Imagine the corresponding concept for programmers: you are not allowed to sell or share any software you create unless you pre-register a detailed plan for what code you will write and how it will be used before you write the first line of code. Pretty sure that would reduce the innovation going on in public GitHub repos a lot :)
I think that not knowing the null results of others also slows down innovation, because you never know if an area of interest / whitespace in a field is 1) because there's something there or 2) because others tried, failed, and didn't publish.
Maybe pre-registering isn't the right answer; I'm sure there are practical hurdles, but the problem to be solved still remains the same (visibility into the graveyard of failed experiments to improve the rate of innovation).
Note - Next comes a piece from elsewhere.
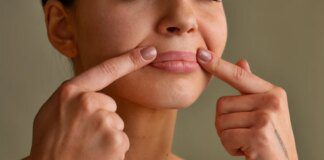 Mulheres estão deixando buço crescer? Especialistas explicam tendência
Who would track this registration and would it require approvals now?. Then what if you changed your current research because you have personal reasons, change of plans, didn't see it fitting....etc. How would you handle these situations? And why are you introducing MITMs.
This will hardly achieve this goal as you basically make things harder, and now you are introducing more overhead. The main reason why people don't like publishing null results is that it hurts them in funding applications. The current system works with mentality, we shouldn't fund someone who don't get positive results. It is better to allocate this somewhere else. Most of the problems with research can be tracked down to funding issues and practices. But these are political issues, so people try to argue about other things because it is easy.
All good points- I was imagining that from a funder's perspective, knowing null results is actually important to guaranteeing future positive results / being strategic about what is worth funding in (versus what is destined to fail because others failed and they just didn't know). Not sure how it would work in practice; might be bumpy but certainly seems worthwhile / not impossible.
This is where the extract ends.